### EXTRACTED ENTRIES ###
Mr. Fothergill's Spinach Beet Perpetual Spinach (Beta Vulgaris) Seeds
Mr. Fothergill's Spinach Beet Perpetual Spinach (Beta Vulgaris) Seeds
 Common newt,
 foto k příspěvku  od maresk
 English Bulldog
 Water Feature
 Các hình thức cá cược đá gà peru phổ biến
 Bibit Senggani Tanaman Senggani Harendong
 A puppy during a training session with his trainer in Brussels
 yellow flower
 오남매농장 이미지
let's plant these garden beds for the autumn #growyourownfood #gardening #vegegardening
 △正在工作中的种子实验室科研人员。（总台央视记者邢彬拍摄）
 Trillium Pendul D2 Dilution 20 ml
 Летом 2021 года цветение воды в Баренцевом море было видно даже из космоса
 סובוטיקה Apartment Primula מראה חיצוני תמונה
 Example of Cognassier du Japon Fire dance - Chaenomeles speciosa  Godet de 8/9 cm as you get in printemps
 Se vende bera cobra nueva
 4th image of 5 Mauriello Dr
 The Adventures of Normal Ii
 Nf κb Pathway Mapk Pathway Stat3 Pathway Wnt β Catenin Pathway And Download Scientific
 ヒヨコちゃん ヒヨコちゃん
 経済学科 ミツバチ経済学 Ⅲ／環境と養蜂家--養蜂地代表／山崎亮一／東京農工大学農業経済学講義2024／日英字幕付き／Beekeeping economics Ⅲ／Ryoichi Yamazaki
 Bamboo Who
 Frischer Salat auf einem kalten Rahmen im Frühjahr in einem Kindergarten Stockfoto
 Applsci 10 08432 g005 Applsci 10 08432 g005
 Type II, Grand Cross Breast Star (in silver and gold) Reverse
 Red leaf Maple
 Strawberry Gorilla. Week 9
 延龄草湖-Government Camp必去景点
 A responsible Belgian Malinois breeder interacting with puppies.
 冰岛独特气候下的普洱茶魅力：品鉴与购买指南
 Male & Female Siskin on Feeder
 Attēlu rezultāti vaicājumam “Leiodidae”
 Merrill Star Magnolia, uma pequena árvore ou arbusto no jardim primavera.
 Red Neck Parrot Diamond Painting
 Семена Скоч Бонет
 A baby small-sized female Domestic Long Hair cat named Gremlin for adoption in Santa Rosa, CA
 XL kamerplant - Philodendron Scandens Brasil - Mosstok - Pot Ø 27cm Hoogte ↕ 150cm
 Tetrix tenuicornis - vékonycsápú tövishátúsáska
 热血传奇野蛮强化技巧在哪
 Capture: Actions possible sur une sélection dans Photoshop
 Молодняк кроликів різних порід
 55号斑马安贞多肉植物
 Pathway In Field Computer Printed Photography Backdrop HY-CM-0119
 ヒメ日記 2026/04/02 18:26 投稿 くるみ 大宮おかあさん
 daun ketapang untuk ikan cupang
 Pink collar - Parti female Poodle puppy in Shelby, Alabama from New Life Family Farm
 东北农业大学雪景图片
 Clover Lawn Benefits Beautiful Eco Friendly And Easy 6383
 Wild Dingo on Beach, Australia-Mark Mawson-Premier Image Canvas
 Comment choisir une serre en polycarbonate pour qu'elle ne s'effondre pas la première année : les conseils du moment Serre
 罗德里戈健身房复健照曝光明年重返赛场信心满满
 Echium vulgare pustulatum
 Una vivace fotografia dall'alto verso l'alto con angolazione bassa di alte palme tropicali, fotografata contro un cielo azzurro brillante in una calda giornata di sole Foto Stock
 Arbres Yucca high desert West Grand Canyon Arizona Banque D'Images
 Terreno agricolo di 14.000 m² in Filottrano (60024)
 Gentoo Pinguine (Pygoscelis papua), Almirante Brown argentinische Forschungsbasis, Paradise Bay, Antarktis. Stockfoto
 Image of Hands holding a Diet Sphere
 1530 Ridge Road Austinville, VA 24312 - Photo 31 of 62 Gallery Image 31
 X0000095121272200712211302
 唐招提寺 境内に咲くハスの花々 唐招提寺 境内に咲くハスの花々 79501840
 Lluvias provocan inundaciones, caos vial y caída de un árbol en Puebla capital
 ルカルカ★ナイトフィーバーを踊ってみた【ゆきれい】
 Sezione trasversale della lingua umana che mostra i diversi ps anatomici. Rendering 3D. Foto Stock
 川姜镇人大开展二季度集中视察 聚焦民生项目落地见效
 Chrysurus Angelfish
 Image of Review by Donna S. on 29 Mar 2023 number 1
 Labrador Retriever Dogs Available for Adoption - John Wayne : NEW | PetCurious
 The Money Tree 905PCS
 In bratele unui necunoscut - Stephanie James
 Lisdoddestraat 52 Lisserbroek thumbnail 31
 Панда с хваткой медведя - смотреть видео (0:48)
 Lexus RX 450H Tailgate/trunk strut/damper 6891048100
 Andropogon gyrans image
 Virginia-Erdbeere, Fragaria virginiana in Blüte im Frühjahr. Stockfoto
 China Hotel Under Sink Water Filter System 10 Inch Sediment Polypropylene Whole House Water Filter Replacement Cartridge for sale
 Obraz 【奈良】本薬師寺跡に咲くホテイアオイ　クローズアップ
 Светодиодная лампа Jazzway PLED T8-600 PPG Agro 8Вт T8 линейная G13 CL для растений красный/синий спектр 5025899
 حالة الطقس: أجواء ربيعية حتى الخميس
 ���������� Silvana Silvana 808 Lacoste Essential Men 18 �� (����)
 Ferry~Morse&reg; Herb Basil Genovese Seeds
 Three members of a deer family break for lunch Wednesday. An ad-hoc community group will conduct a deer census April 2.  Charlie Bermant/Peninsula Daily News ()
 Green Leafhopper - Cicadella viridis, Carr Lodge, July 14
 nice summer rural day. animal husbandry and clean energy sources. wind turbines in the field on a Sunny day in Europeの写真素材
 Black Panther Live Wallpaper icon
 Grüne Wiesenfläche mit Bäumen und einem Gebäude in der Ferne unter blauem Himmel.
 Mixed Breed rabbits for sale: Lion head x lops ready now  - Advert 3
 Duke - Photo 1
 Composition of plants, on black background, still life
###
## YOUR INSTRUCTIONS
Every entry must be printed again, exactly as it reads.

## RESULT
Mr. Fothergill's Spinach Beet Perpetual Spinach (Beta Vulgaris) Seeds
Mr. Fothergill's Spinach Beet Perpetual Spinach (Beta Vulgaris) Seeds
 Common newt,
 foto k příspěvku  od maresk
 English Bulldog
 Water Feature
 Các hình thức cá cược đá gà peru phổ biến
 Bibit Senggani Tanaman Senggani Harendong
 A puppy during a training session with his trainer in Brussels
 yellow flower
 오남매농장 이미지
let's plant these garden beds for the autumn #growyourownfood #gardening #vegegardening
 △正在工作中的种子实验室科研人员。（总台央视记者邢彬拍摄）
 Trillium Pendul D2 Dilution 20 ml
 Летом 2021 года цветение воды в Баренцевом море было видно даже из космоса
 סובוטיקה Apartment Primula מראה חיצוני תמונה
 Example of Cognassier du Japon Fire dance - Chaenomeles speciosa  Godet de 8/9 cm as you get in printemps
 Se vende bera cobra nueva
 4th image of 5 Mauriello Dr
 The Adventures of Normal Ii
 Nf κb Pathway Mapk Pathway Stat3 Pathway Wnt β Catenin Pathway And Download Scientific
 ヒヨコちゃん ヒヨコちゃん
 経済学科 ミツバチ経済学 Ⅲ／環境と養蜂家--養蜂地代表／山崎亮一／東京農工大学農業経済学講義2024／日英字幕付き／Beekeeping economics Ⅲ／Ryoichi Yamazaki
 Bamboo Who
 Frischer Salat auf einem kalten Rahmen im Frühjahr in einem Kindergarten Stockfoto
 Applsci 10 08432 g005 Applsci 10 08432 g005
 Type II, Grand Cross Breast Star (in silver and gold) Reverse
 Red leaf Maple
 Strawberry Gorilla. Week 9
 延龄草湖-Government Camp必去景点
 A responsible Belgian Malinois breeder interacting with puppies.
 冰岛独特气候下的普洱茶魅力：品鉴与购买指南
 Male & Female Siskin on Feeder
 Attēlu rezultāti vaicājumam “Leiodidae”
 Merrill Star Magnolia, uma pequena árvore ou arbusto no jardim primavera.
 Red Neck Parrot Diamond Painting
 Семена Скоч Бонет
 A baby small-sized female Domestic Long Hair cat named Gremlin for adoption in Santa Rosa, CA
 XL kamerplant - Philodendron Scandens Brasil - Mosstok - Pot Ø 27cm Hoogte ↕ 150cm
 Tetrix tenuicornis - vékonycsápú tövishátúsáska
 热血传奇野蛮强化技巧在哪
 Capture: Actions possible sur une sélection dans Photoshop
 Молодняк кроликів різних порід
 55号斑马安贞多肉植物
 Pathway In Field Computer Printed Photography Backdrop HY-CM-0119
 ヒメ日記 2026/04/02 18:26 投稿 くるみ 大宮おかあさん
 daun ketapang untuk ikan cupang
 Pink collar - Parti female Poodle puppy in Shelby, Alabama from New Life Family Farm
 东北农业大学雪景图片
 Clover Lawn Benefits Beautiful Eco Friendly And Easy 6383
 Wild Dingo on Beach, Australia-Mark Mawson-Premier Image Canvas
 Comment choisir une serre en polycarbonate pour qu'elle ne s'effondre pas la première année : les conseils du moment Serre
 罗德里戈健身房复健照曝光明年重返赛场信心满满
 Echium vulgare pustulatum
 Una vivace fotografia dall'alto verso l'alto con angolazione bassa di alte palme tropicali, fotografata contro un cielo azzurro brillante in una calda giornata di sole Foto Stock
 Arbres Yucca high desert West Grand Canyon Arizona Banque D'Images
 Terreno agricolo di 14.000 m² in Filottrano (60024)
 Gentoo Pinguine (Pygoscelis papua), Almirante Brown argentinische Forschungsbasis, Paradise Bay, Antarktis. Stockfoto
 Image of Hands holding a Diet Sphere
 1530 Ridge Road Austinville, VA 24312 - Photo 31 of 62 Gallery Image 31
 X0000095121272200712211302
 唐招提寺 境内に咲くハスの花々 唐招提寺 境内に咲くハスの花々 79501840
 Lluvias provocan inundaciones, caos vial y caída de un árbol en Puebla capital
 ルカルカ★ナイトフィーバーを踊ってみた【ゆきれい】
 Sezione trasversale della lingua umana che mostra i diversi ps anatomici. Rendering 3D. Foto Stock
 川姜镇人大开展二季度集中视察 聚焦民生项目落地见效
 Chrysurus Angelfish
 Image of Review by Donna S. on 29 Mar 2023 number 1
 Labrador Retriever Dogs Available for Adoption - John Wayne : NEW | PetCurious
 The Money Tree 905PCS
 In bratele unui necunoscut - Stephanie James
 Lisdoddestraat 52 Lisserbroek thumbnail 31
 Панда с хваткой медведя - смотреть видео (0:48)
 Lexus RX 450H Tailgate/trunk strut/damper 6891048100
 Andropogon gyrans image
 Virginia-Erdbeere, Fragaria virginiana in Blüte im Frühjahr. Stockfoto
 China Hotel Under Sink Water Filter System 10 Inch Sediment Polypropylene Whole House Water Filter Replacement Cartridge for sale
 Obraz 【奈良】本薬師寺跡に咲くホテイアオイ　クローズアップ
 Светодиодная лампа Jazzway PLED T8-600 PPG Agro 8Вт T8 линейная G13 CL для растений красный/синий спектр 5025899
 حالة الطقس: أجواء ربيعية حتى الخميس
 ���������� Silvana Silvana 808 Lacoste Essential Men 18 �� (����)
 Ferry~Morse&reg; Herb Basil Genovese Seeds
 Three members of a deer family break for lunch Wednesday. An ad-hoc community group will conduct a deer census April 2.  Charlie Bermant/Peninsula Daily News ()
 Green Leafhopper - Cicadella viridis, Carr Lodge, July 14
 nice summer rural day. animal husbandry and clean energy sources. wind turbines in the field on a Sunny day in Europeの写真素材
 Black Panther Live Wallpaper icon
 Grüne Wiesenfläche mit Bäumen und einem Gebäude in der Ferne unter blauem Himmel.
 Mixed Breed rabbits for sale: Lion head x lops ready now  - Advert 3
 Duke - Photo 1
 Composition of plants, on black background, still life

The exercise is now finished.